4) Foram colhidos diversos diálogos do ex-presidente com conteúdo jurídico-criminal relevantes por revelarem condutas ou tentativas de obstrução ou de intimidação da Justiça ou mesmo solicitações para influenciar indevidamente magistrados, sendo também colhidos diálogos relevantes para o objeto da investigação em curso, de fundada suspeita de ocultação de patrimônio em nome de pessoas interpostas.
5) Não foram colhidas provas de condutas criminais dos interlocutores com foro por prerrogativa de função, inclusive de que algum deles teria aceito as solicitações do ex-presidente para obstruir, intimidar ou influenciar indevidamente magistrados.
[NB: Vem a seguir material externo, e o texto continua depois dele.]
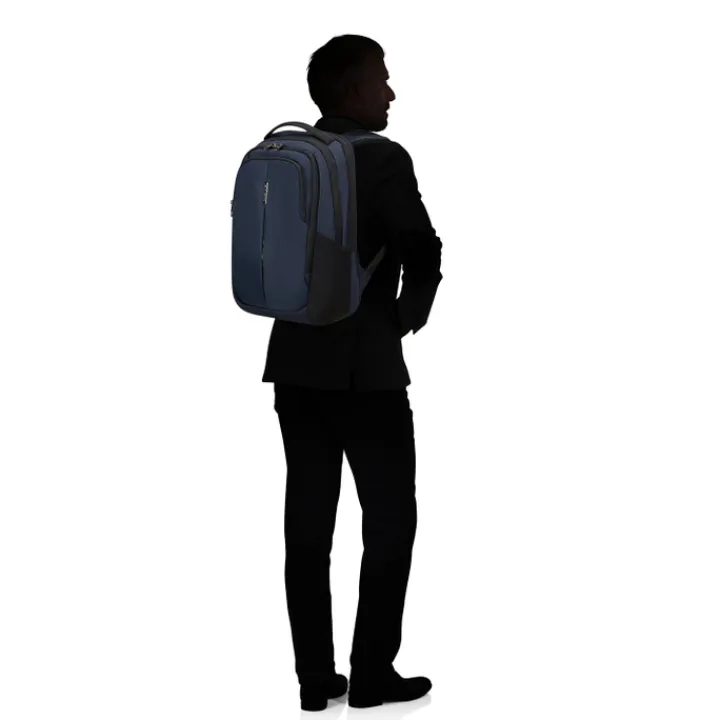 Heren Rugzakken|Dames Rugzakken>Samsonite Guardit 3.0 Laptop Backpack M 15.6" blue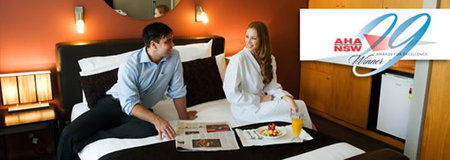The Clarendon Hotel - Accommodation Great Ocean Road 0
6) Roberto Teixeira (advogado de Lula) foi interceptado porque investigado, envolvido diretamente nos supostos crimes sob investigação, a suposta aquisição do sítio em Atibaia com utilização de pessoas interpostas, e não como advogado, não havendo imunidade, conforme jurisprudência do Supremo Tribunal Federal, quando o advogado envolve-se em práticas criminosas.
7) Foram juntados aos autos e, por conseguinte, publicizados apenas diálogos considerados juridicamente relevantes para a investigação criminal e os demais, quer protegidos por sigilo profissional ou eminentemente privados, foram resguardados em arquivos eletrônicos não publicizados e que deverão ser submetidos, após o contraditório, ao procedimento de inutilização.
8)Há diálogos selecionados pela autoridade policial como relevantes e que parecem ser eminentemente privados, mas em realidade contém aspectos relevantes para a investigação, como aqueles que indicam que o sítio em Atibaia está no poder de disposição da família do ex-presidente e não do formal proprietário.
9) A praxe deste Juízo sempre foi o de levantar o sigilo sobre processos de interceptação telefônica, inclusive para diálogos relevantes para a investigação, após o encerramento da diligência, o que não discrepa da prática adotada em outros Juízos e, aparentemente, também por este Egrégio Supremo Tribunal Federal, conforme, salvo melhor juízo, precedente acima referido.
10) A competência, focada a investigação nas condutas do ex-presidente, para decidir sobre o pedido de levantamento de sigilo sobre o processo, que continha diálogos relevantes para investigação criminal de condutas do ex-presidente, era deste Juízo, em 16 de março, quando o ex-presidente não havia ainda tomado posse como Ministro (da Casa Civil).